Notebook users everywhere will be excited to know that GitHub recently launched rich diffs for Jupyter Notebooks. Earlier, GitHub Jupyter Notebook diffs were shown as textual diffs of the underlying notebook JSON - not very useful. The new functionality shows cell-by-cell rendered diffs and output diffs:
Very nice! The feature is in pilot period as of January 2023, find the pilot sign-up link in this discussion thread.
Unfortunately, one problem the new functionality doesn’t solve is the rendering of large notebooks. GitHub times out showing errors like “Unable to render rich display” or “The notebook took too long to render”.
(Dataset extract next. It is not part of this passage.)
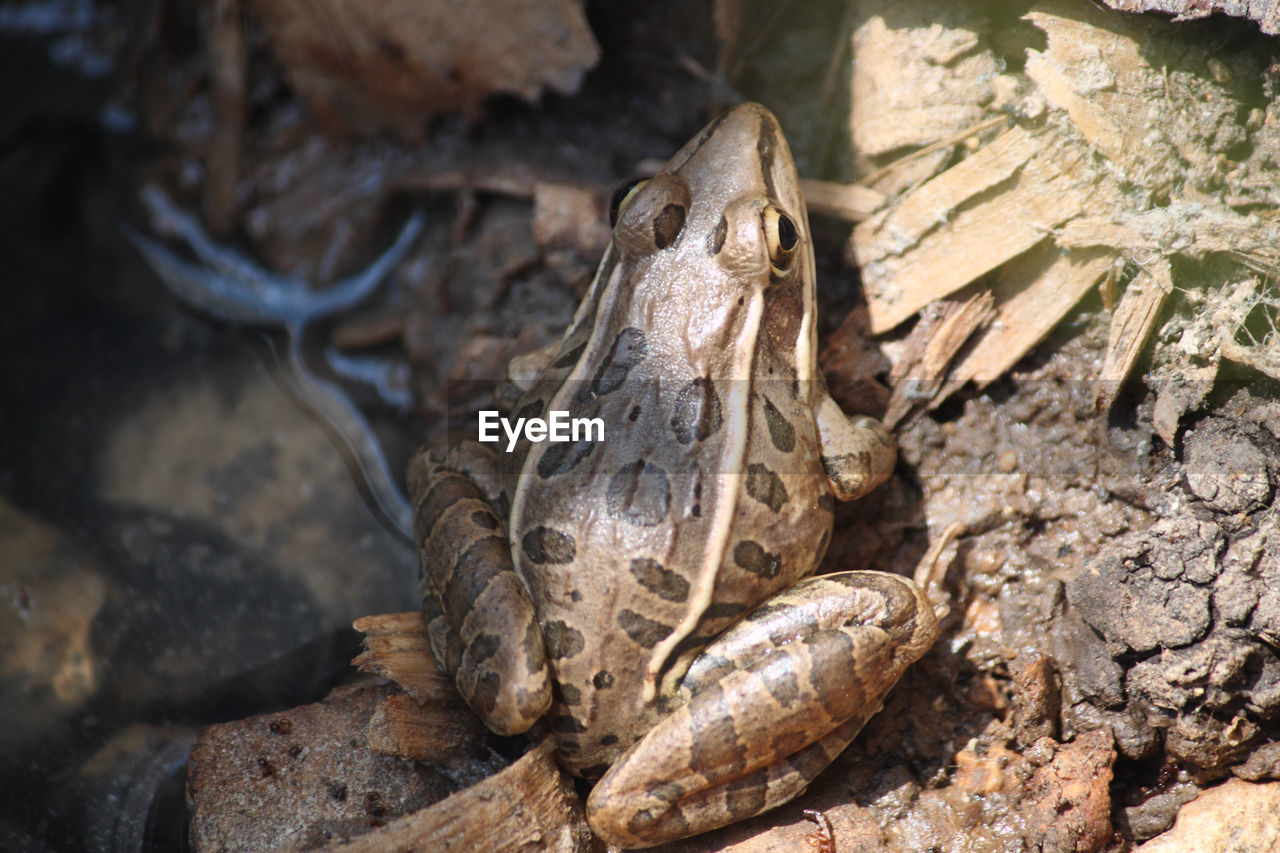 Close-up of lizard on rock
GitHub can’t render notebooks larger than a few megabytes (we reviewed a few solutions to this problem in an earlier blog post). If you’re working with a large notebook, GitHub’s new rich diff feature doesn’t offer any improvements on this.
Let’s open up an example large notebook that is too big to display on GitHub:
We make some changes to the notebook, and check the changes using the JupyterLab git extension:
Next, we commit our changes, push them to GitHub, and create a pull request. If we navigate to the file comparison page now, we can see whether the new rich diff functionality will show us the diff. It doesn’t:
Why does the rich diff not render?
The full notebook may be big, but the change we made is small. So why does the rich diff not render?
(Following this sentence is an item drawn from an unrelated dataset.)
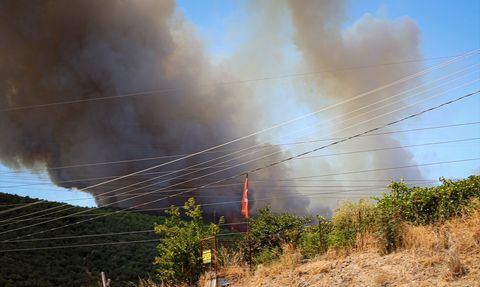 Bursa'da Orman Yangınına Müdahale Devam Ediyor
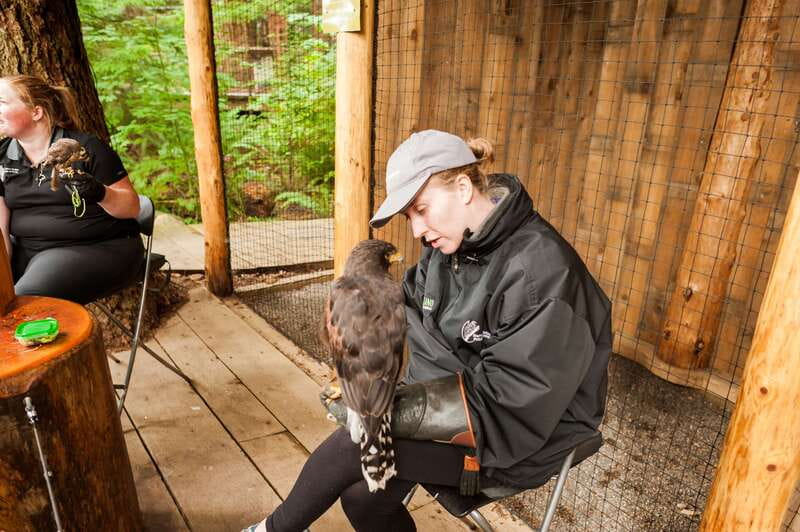 Grouse Mountain, Capilano Bridge & Fish Hatchery Tour - Capilano River Hatchery: short salmon education that can still surprise you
The reason is twofold: Firstly, the new GitHub rich diff functionality uses nbdime under the hood. nbdime is a diff and merge tool for notebooks (you can take a look at our Git-Jupyter workflow tools blog post to read more about it). nbdime diffs can be very slow for large notebooks (as mentioned by others here and here).
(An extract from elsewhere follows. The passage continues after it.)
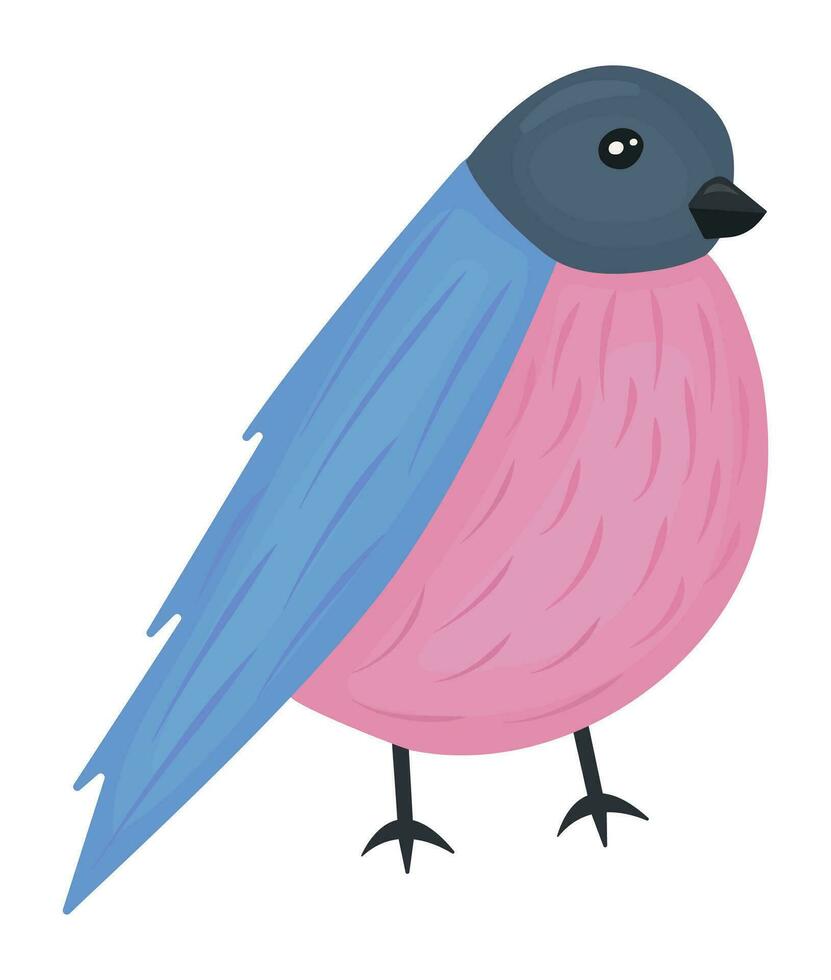 pájaro piñonero vector vistoso ilustración en rosado y azul sombras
Secondly, for performance reasons, GitHub imposes a 5-second limitation on rich diff rendering. So in cases where nbdime can’t render a diff in 5 seconds, it won’t render at all.
So what shall I do?
You can always fall back to using the JSON format source diffs on GitHub. Or you can do similar text-based source diffs with
git diff from a command line. This isn’t ideal because notebook source diffs often contain a large amount of extraneous information (such as metadata changes and binary figure changes) that make them difficult to work with.
Some new tools, such as nbdev and Jupytext, make source diffs easier to use. Take a look at our review of them here. Or you can run nbdime locally and wait the few minutes it might require to parse your large notebook. Another option is making use of code comparison options in local IDEs like Visual Studio Code.
Alternatively, ReviewNB is a reliable option for rendering large notebook diffs. ReviewNB uses its own diff algorithm that relies on
git patch and doesn’t suffer from nbdime’s performance problems. It also doesn’t impose timeouts, so if a larger notebook takes longer to render, it will still render eventually.
ReviewNB integrates seamlessly with GitHub and also offers inline notebook commenting so you can do line-by-line reviews. When it comes to effective collaboration for Jupyter notebook development, ReviewNB is still the most fully featured option.